Task objective:
I need all the entries repeated exactly as written.

Exercise data:
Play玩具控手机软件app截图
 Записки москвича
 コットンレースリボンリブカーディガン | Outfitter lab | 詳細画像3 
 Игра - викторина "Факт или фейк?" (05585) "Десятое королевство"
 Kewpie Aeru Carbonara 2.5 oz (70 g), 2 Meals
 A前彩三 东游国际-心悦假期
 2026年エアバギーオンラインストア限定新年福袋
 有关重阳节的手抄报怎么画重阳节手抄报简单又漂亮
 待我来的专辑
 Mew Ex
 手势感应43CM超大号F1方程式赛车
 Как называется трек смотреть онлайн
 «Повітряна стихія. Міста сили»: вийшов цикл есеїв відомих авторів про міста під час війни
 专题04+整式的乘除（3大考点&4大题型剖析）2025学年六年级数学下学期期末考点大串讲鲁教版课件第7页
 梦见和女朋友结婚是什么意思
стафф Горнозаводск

Expected answer:
Play玩具控手机软件app截图
 Записки москвича
 コットンレースリボンリブカーディガン | Outfitter lab | 詳細画像3 
 Игра - викторина "Факт или фейк?" (05585) "Десятое королевство"
 Kewpie Aeru Carbonara 2.5 oz (70 g), 2 Meals
 A前彩三 东游国际-心悦假期
 2026年エアバギーオンラインストア限定新年福袋
 有关重阳节的手抄报怎么画重阳节手抄报简单又漂亮
 待我来的专辑
 Mew Ex
 手势感应43CM超大号F1方程式赛车
 Как называется трек смотреть онлайн
 «Повітряна стихія. Міста сили»: вийшов цикл есеїв відомих авторів про міста під час війни
 专题04+整式的乘除（3大考点&4大题型剖析）2025学年六年级数学下学期期末考点大串讲鲁教版课件第7页
 梦见和女朋友结婚是什么意思
стафф Горнозаводск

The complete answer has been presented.